Compile the following testcase with "g++ -msse2 -O2" #include <xmmintrin.h> typedef double double_a __attribute__((__may_alias__)); struct V { __m128d data; }; int main() { V a; __m128d b; b = _mm_set_pd(1., 0.); a.data = _mm_set_pd(1., 0.); a.data = _mm_add_pd(a.data, _mm_and_pd(_mm_cmpeq_pd(a.data, _mm_set1_pd(0.)), _mm_set1_pd(2.))); reinterpret_cast<double_a *>(&a.data)[1] += 1.; b = _mm_add_pd(b, _mm_and_pd(_mm_cmpeq_pd(b, _mm_set1_pd(0.)), _mm_set1_pd(1.))); b = _mm_add_pd(b, _mm_and_pd(_mm_cmpeq_pd(b, _mm_set1_pd(1.)), _mm_set1_pd(1.))); if (_mm_movemask_pd(_mm_cmpeq_pd(a.data, b)) != 0x3) { abort(); } return 0; } GCC 4.6.[01] calculate the correct values for a.data[0] and a.data[1] but fail to combine the results correctly.

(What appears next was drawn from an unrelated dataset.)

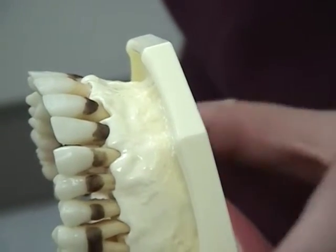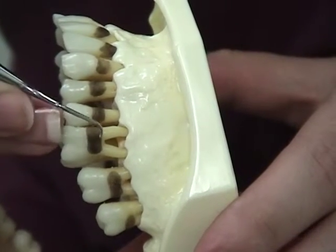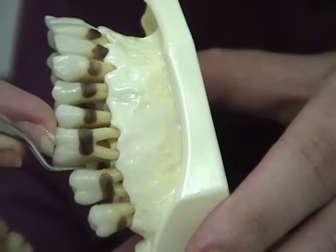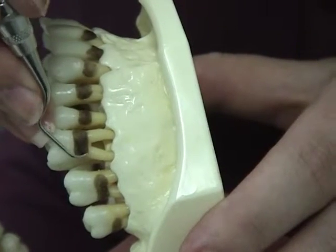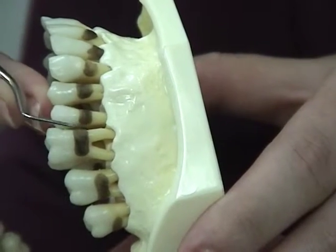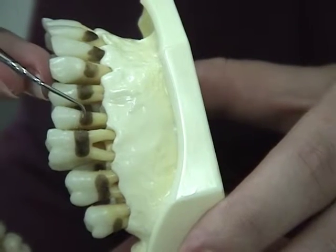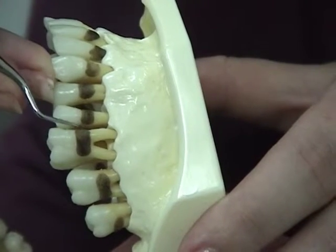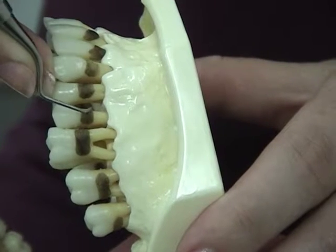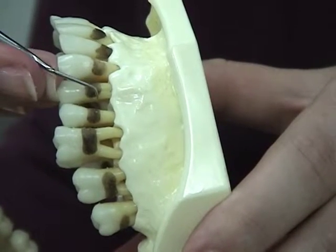For posterior teeth, you will be adapting the instrument from the distal facial line angle to the distal contact, and then from the distal facial line angle across the facial surfaces through the mesial contact. Notice how she keeps the last two millimeters of the instrument in contact with the tooth at all times. This technique is the same for both lingual and facial surfaces of posterior teeth.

I.e. the resulting shufpd $0x1 is wrong. GCC 4.5.x uses unpacklpd, which gives the correct result, but emits unnecessary stores to the stack.
Confirmed, proposed patch to sse2_loadhpd: Index: sse.md =================================================================== --- sse.md (revision 174102) +++ sse.md (working copy) @@ -4284,7 +4284,7 @@ vmovhpd\t{%2, %1, %0|%0, %1, %2} unpcklpd\t{%2, %0|%0, %2} vunpcklpd\t{%2, %1, %0|%0, %1, %2} - shufpd\t{$1, %1, %0|%0, %1, 1} + shufpd\t{$0, %1, %0|%0, %1, 0} # # #"

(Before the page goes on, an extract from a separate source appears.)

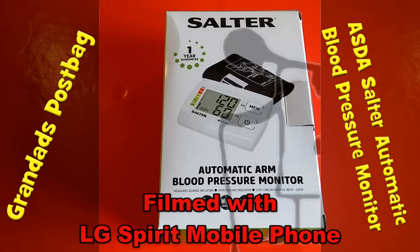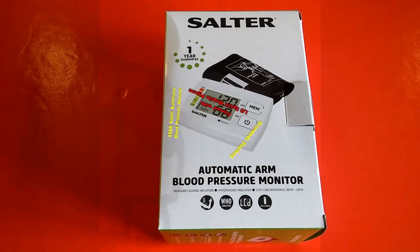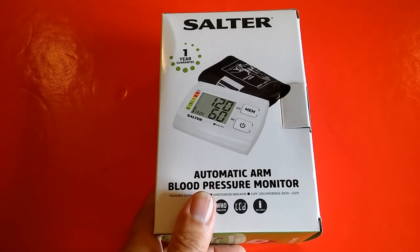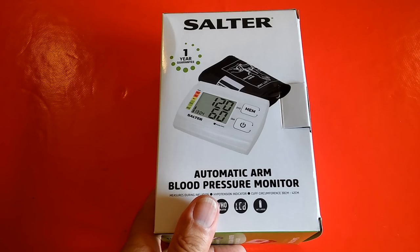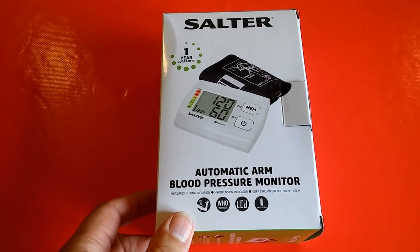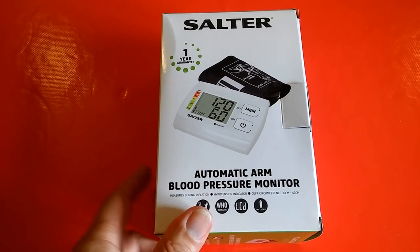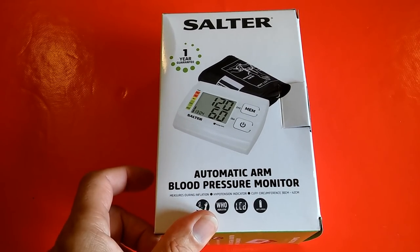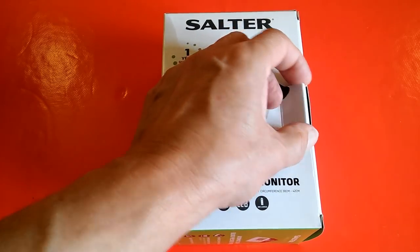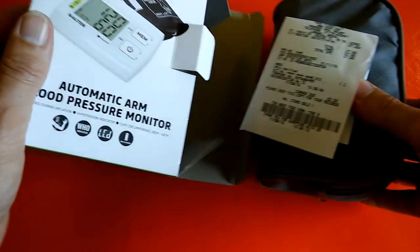Hi guys, got a new toy — something us old people need to do occasionally — an automatic arm blood pressure monitor. We've actually got one that goes on the wrist already, but doctors advised my wife we need to put one on the arm because they're more accurate. Just picked this up from Asda, £7.50.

I applied the patch to the latest 4.6 snapshot. I confirm that it fixes the bug. Also, there are no regressions in my testsuite. Just for confirmation, the patched sse.md looks like this for me now (starting from line 4952): (define_insn "sse2_loadhpd" [(set (match_operand:V2DF 0 "nonimmediate_operand" "=x,x,x,o,o,o") (vec_concat:V2DF (vec_select:DF (match_operand:V2DF 1 "nonimmediate_operand" " 0,0,x,0,0,0") (parallel [(const_int 0)])) (match_operand:DF 2 "nonimmediate_operand" " m,x,0,x,*f,r")))] "TARGET_SSE2 && !(MEM_P (operands[1]) && MEM_P (operands[2]))" "@ movhpd\t{%2, %0|%0, %2} unpcklpd\t{%2, %0|%0, %2} shufpd\t{$0, %1, %0|%0, %1, 0} # Question, why not use unpcklpd instead of shufpd $0? On older CPUs unpcklpd should be slightly faster than shufpd.
(In reply to comment #2) > I applied the patch to the latest 4.6 snapshot. I confirm that it fixes the > bug. Also, there are no regressions in my testsuite. > > Just for confirmation, the patched sse.md looks like this for me now (starting > from line 4952): > (define_insn "sse2_loadhpd" > [(set (match_operand:V2DF 0 "nonimmediate_operand" "=x,x,x,o,o,o") > (vec_concat:V2DF > (vec_select:DF > (match_operand:V2DF 1 "nonimmediate_operand" " 0,0,x,0,0,0") > (parallel [(const_int 0)])) > (match_operand:DF 2 "nonimmediate_operand" " m,x,0,x,*f,r")))] > "TARGET_SSE2 && !(MEM_P (operands[1]) && MEM_P (operands[2]))" > "@ > movhpd\t{%2, %0|%0, %2} > unpcklpd\t{%2, %0|%0, %2} > shufpd\t{$0, %1, %0|%0, %1, 0} > # > > Question, why not use unpcklpd instead of shufpd $0? On older CPUs unpcklpd > should be slightly faster than shufpd. OTOH, it looks that this alternative is wrong entirely. Unmodified operand can only be passed in lower half (operand 1 in the pattern above). GCC will then generate unpcklpd, as suggested.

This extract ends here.